Moscow Times’ın bugün verdiği habere göre Rusya Suriye’deki güçlerini çekmeye başladı. Gazeteye göre Rusya’nın Suriye’deki iki ana üssü Tarsus ve Hmeymim kalacak, boşalttığı askeri üs ve mevzileri de İran Devrim Muhafızları’na bırakacak. Konuya geniş yeren İsrail basını ise Rusya’nın terk ettiği yerlere İran ile birlikte Hizbullah güçlerinin de yerleşeceğini ileri sürüyor ve bunun İsrail için yeni bir tehdit oluşturacağını belirtiyor.

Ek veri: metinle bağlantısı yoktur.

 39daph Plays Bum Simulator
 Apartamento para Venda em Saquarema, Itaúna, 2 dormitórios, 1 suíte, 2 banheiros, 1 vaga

Ukrayna savaşının Suriye’deki gelişmeleri etkileyeceği bekleniyordu ancak yine de kimse Rusya’nın kendisi için stratejik önemi olan, 2015 yılında müdahale ettiği ve güç dengelerini değiştirdiği Suriye’den kısa sürede çekileceğini tahmin etmiyordu. Ne ki olmaz denilen çok şey gibi bu da oluyor ve dünyanın içinden geçmekte olduğu çalkantılı bu dönemde geleceğe dair isabetli tahmin yapmak giderek zorlaşıyor.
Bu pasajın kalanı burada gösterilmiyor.